An interesting post Lynn, thank you. I didn't know that the 25% tax free rule didn't apply in Spain, so that sort of scuppers my plans anyway (use the 25% to pay towards the cost of a flat in Spain). But anyway, what you've said makes a lot of sense and I've been mulling it over for a few hours! I can't fault your logic, but I think it comes down to risk and there are 3 at play here:

1. Your SIPP may have increased in value by 22% over the last 2 years, but those gains can be reversed almost overnight with funds and shares. My pension fund has taken two 30% sudden drops over the decades. It recovers, but the recovery takes time. When a fund that you can't legally touch for 20 years drops in value by a third, it seems irrelevant. But when it's a fund that you're currently using as income, it becomes very relevant.

2. Back to where we started - currency fluctuations. Assuming that, like me, your fund is UK based but you're spending your money in Spain, then if the £ drops, so does your income. Clearly it's true the other way round too, but it's a gamble! With a Hard Brexit looming, I personally do not feel confident about the value of the £, so it does not to me feel like a risk worth taking.

3. If you live longer than you planned for, then you will run out of money.

A Sterling annuity eliminates risks 1 and 3 and a € one would eliminate all 3.


----------



## Lynn R (Feb 21, 2014)

CharlieMCFC said:


> An interesting post Lynn, thank you.
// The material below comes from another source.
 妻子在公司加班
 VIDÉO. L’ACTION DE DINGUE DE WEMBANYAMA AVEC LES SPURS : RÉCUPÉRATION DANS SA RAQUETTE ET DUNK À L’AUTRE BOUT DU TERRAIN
I didn't know that the 25% tax free rule didn't apply in Spain, so that sort of scuppers my plans anyway (use the 25% to pay towards the cost of a flat in Spain). But anyway, what you've said makes a lot of sense and I've been mulling it over for a few hours! I can't fault your logic, but I think it comes down to risk and there are 3 at play here:
> 
> 1. Your SIPP may have increased in value by 22% over the last 2 years, but those gains can be reversed almost overnight with funds and shares. My pension fund has taken two 30% sudden drops over the decades. It recovers, but the recovery takes time. When a fund that you can't legally touch for 20 years drops in value by a third, it seems irrelevant. But when it's a fund that you're currently using as income, it becomes very relevant.
> 
> ...


You are right regarding the risk, of course. I have other final salary pensions which give me sufficient income, so I felt I could afford to take a bit of a gamble with the smaller pots and invested them in higher risk funds. I wouldn't have done that if I was entirely reliant on those funds for income.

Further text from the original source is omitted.